You can modify this as necessary to check for equality and greater-than
conditions.


-- 
 Christopher Neufeld....Just a graduate student  | Too much self-love just
 neufeld@aurora.physics.utoronto.ca    Ad astra! | makes you jealous of
 cneufeld@{pnet91,pro-cco}.cts.com               | the people who envy you.
 "Don't edit reality for the sake of simplicity" |

bhoughto@nevin.intel.com (Blair P. Houghton) (03/24/91)
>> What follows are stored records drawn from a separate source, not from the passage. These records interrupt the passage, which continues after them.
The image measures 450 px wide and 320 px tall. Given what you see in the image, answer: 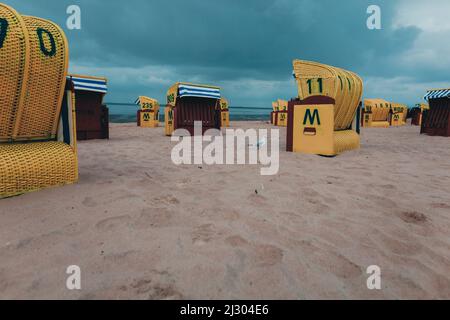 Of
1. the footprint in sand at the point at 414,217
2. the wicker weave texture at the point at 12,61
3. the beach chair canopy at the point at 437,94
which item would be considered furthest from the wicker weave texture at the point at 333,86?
the beach chair canopy at the point at 437,94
In article <1991Mar23.164807.7318@helios.physics.utoronto.ca> neufeld@aurora.physics.utoronto.ca (Christopher Neufeld) writes:
>In article <3403@inews.intel.com> bhoughto@pima.intel.com (Blair P. Houghton) writes:
>>It can't be done.  You can always define a type of input
>>for which "sorting" isn't defined.
>>
>   Huh? I may be relatively new to C but isn't the stdlib function
>qsort() an example of a program which does just that? You pass it the

Y'know, it would've helped a little if you'd just bothered to read
down to the end of my posting.  It was qsort-a-rama...
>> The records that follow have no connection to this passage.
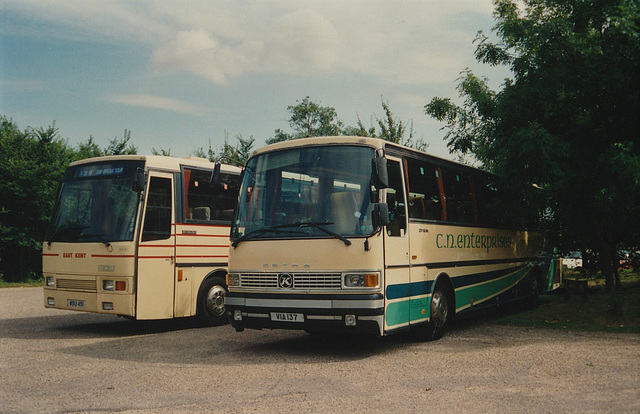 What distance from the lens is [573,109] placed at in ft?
43.0

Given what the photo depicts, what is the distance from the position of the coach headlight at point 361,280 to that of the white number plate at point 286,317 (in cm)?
82

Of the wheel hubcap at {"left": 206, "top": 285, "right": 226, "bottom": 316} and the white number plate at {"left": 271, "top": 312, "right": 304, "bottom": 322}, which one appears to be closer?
the white number plate at {"left": 271, "top": 312, "right": 304, "bottom": 322}

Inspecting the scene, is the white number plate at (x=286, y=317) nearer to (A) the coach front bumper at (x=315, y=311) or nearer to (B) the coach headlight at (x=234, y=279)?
(A) the coach front bumper at (x=315, y=311)

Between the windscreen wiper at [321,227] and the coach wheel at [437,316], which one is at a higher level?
the windscreen wiper at [321,227]

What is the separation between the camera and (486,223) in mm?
13367

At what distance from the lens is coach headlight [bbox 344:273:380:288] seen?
8.87m

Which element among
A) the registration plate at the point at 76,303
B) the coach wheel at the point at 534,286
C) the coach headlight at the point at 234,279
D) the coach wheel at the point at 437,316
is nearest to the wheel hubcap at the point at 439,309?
the coach wheel at the point at 437,316

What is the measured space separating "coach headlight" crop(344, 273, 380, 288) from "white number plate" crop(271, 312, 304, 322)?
821 millimetres

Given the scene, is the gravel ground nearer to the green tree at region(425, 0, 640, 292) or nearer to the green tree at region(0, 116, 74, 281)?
the green tree at region(425, 0, 640, 292)

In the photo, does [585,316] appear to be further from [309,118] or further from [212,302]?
[309,118]

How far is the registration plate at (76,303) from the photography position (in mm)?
11758

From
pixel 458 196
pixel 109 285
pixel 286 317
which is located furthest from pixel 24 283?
pixel 286 317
It still doesn't solve the problem of "sorting any data
type", since that problem is impossible to solve (I.e., you
have to know in advance the types that may be passed, which
necessarily omits those types you do not know and which
are, by the definition of the word "any", part of the set
"any data type").

				--Blair
				  "Here, have a NULL-prize..."

mcdaniel@adi.com (Tim McDaniel) (03/26/91)

In article <1991Mar23.164807.7318@helios.physics.utoronto.ca>
neufeld@aurora.physics.utoronto.ca (Christopher Neufeld) writes:
   Huh? I may be relatively new to C but isn't the stdlib function
   qsort() an example of a program which does just that?

qsort() is a function, not a program, under the usual definition of
"program".  I believe that calling a function a program is a
deplorable confusion of terms.

As indicated before, a C *program* can be coded to sort many common
types.  Specifying the uncommon types is the problem.  Where
available, dynamic linking could be used, as could dynamic loading and
calling of code.  Extra command-line arguments to the program could
specify a sort predicate program, which could be called via system()
with hideous overhead on most systems.

This problem might be more suited for awk, perl, icon, or other
interpreted languages.  The user could then enter the comparison code
directly.

--
   "Of course he has a knife.  We all have knives.  It's 1183, and we're
   all barbarians."
Tim McDaniel                 Applied Dynamics Int'l.; Ann Arbor, Michigan, USA
Internet: mcdaniel@adi.com                UUCP: {uunet,sharkey}!amara!mcdaniel

boyd@necisa.ho.necisa.oz.au (Boyd Roberts) (03/27/91)

In article <3418@inews.intel.com> bhoughto@nevin.intel.com (Blair P. Houghton) writes:
>
>It still doesn't solve the problem of "sorting any data
>type", since that problem is impossible to solve (I.e., you
>have to know in advance the types that may be passed, which
>necessarily omits those types you do not know and which
>are, by the definition of the word "any", part of the set
>"any data type").


Damn right.

So how are going to sort strudels?  Define the pastry comparison operator.

Which has precedence?  Sweet or savory?

Is there a native comparison operator that I can use with a #pragma?

Remember:  Strudels are tricky.


Boyd Roberts			boyd@necisa.ho.necisa.oz.au

``When the going gets wierd, the weird turn pro...''